Any idiot can do a best-of list. In keeping with the relentless negativity of this site, here’s my list of the biggest disappointments of 2008:

10. Final Crisis

It only started to get readable with #4, and #5 was actually quite good. Shame #1-3 were all teh suk.

9. Acme Novelty Library #19

After branching out into other voices with the last two volumes, Chris Ware takes a step back into familiar territory with this depressing study of a fat, nerdish social misfit. Which is totally not the same as any of his other studies of fat, nerdish social misfits.
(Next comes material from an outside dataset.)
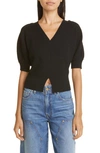 Ulla Johnson Eila Ribbed V-neck Top In Noir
I’ve been reading Ware since 1996, and this is the first time I’ve felt like he was spinning his wheels.

8. Bourbon Island 1730

Trondheim’s line was too chaotic for me; I found — or rather, couldn’t find — the characters tangled up in the sameness of lines.

7. Dungeon Monstres 2: The Dark Lord

Not so much a reflection of its intrinsic quality, as of the insanely high expectations built up by previous volumes. This is the first volume in the entire series that has felt less than essential. Maybe the Dungeon formula is starting to wear thin; maybe I was in a bad mood when I read it.
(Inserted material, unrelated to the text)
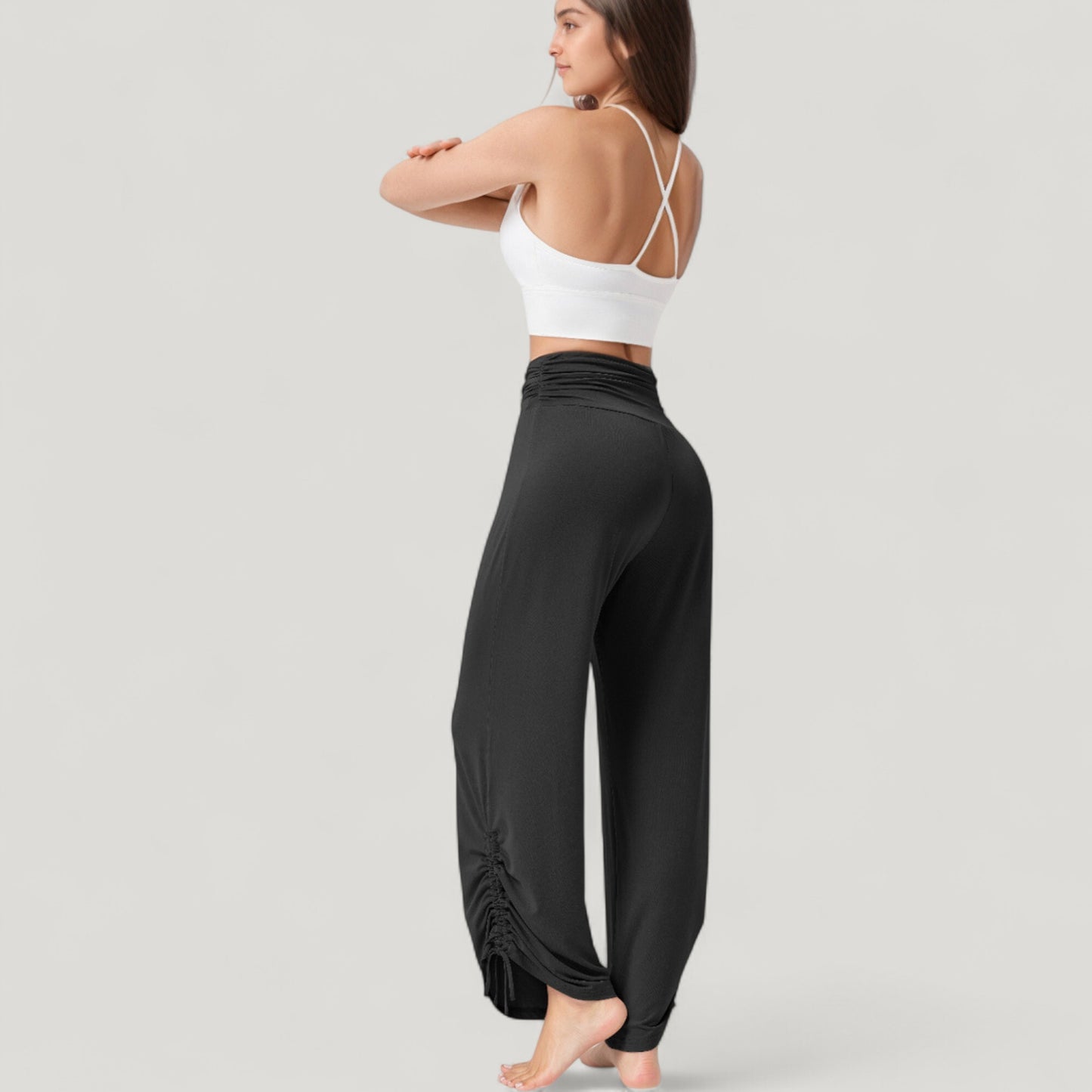 Wide Leg Lounge Pants with Fold Over Waistband and Adjustable Drawstring Hem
6. Naoki Urasawa’s Monster Vol 18

Speaking of insanely high expectations… Good on its own rights, but a little anti-climactic compared with what went before.

5. Cat-Eyed Boy Vol. 1

As I recounted here, I was disappointed with the first volume. It’s no Drifting Classroom, that’s for sure.

4. No new volumes of Little Lulu from Dark Horse.

Although apparently they’re starting up again in 2009. Don’t toy with my affections, Dark Horse.

3. No new English volumes of Cromartie High School.

‘Nuff said.

2. Later volumes of Welcome to the NHK

I liked the first few volumes of this series a LOT, for reasons I might get into one day. The rest, not so much.

1. Only nine posts all year.

Seriously, Jones, what the fuck?

Random Review

January 9, 2009

Steve Canyon: 1953. Milton Caniff. Checker, 2006. $17.95, 170 pages.

Steve Canyon is a comic like Cerebus or Little Orphan Annie. If you’re going to enjoy it –  and there’s a lot to enjoy — there are some hurdles to overcome. With Cerebus, it’s Dave Sim’s misogyny; with Annie, it’s Harold Gray’s anti-New Deal-ism; and with Steve Canyon, it’s a combination of Milton Caniff’s orientalism, militaristic jingoism and firm belief in American manifest destiny. During the Second World War and in the years immediately following, this no doubt struck a chord with Caniff’s readership, but to modern readers, after a half-century of dubious American adventurism, it looks — well, let’s be generous and call it a little naive. In Caniff’s world, the American Air Force (which by 1953 has re-enlisted crack pilot Steve Canyon) is an unquestioned force for good, fighting oppressive regimes and the rise of communism across the globe. Canyon is Alden Pyle with a pilot’s licence.

Still, if you can get past the political angle, this is a damned fine adventure comic, drawn by one of the greats. The action sequences are exciting, the cliffs well hanged, and the strips themselves always clean and easy to follow. If nothing else, you could appreciate Canyon as a master-class in how to do “talking heads”. For this is a very talkative strip, given that it’s an adventure strip about a two-fisted Army pilot. Strip after strip shows nothing but folks talking, but it never gets boring as Caniff switches “camera-angles”, throws the characters into silhouette, cuts between “close-ups” and “long-shots” and uses a hundred other tricks to keep things visually interesting. (The filmic terms are actually a propos here, as Caniff was a pioneer in bringing cinematic techniques to the comics page.) Alex Maleev et al., take note: this is how you do it.

In the current Golden Age of Reprints, Caniff’s work–reprinted here and in Terry and the Pirates volumes from IDW–seems to be getting overlooked a bit, compared with the attention given to Little Orphan Annie, Krazy Kat, Peanuts, Popeye et al. Perhaps it’s because his visual vocabulary have become so familiar to modern readers, from his countless imitators, that it no longer looks as exciting and new as it did when it first appeared. Or maybe there’s no longer a market for military adventure comics. In any case, Caniff’s work is well worth your consideration, and the inexpensively priced Steve Canyon volumes are a good place to start.

Recommended? Yes, even if just to ogle at Caniff’s serious cartooning chops.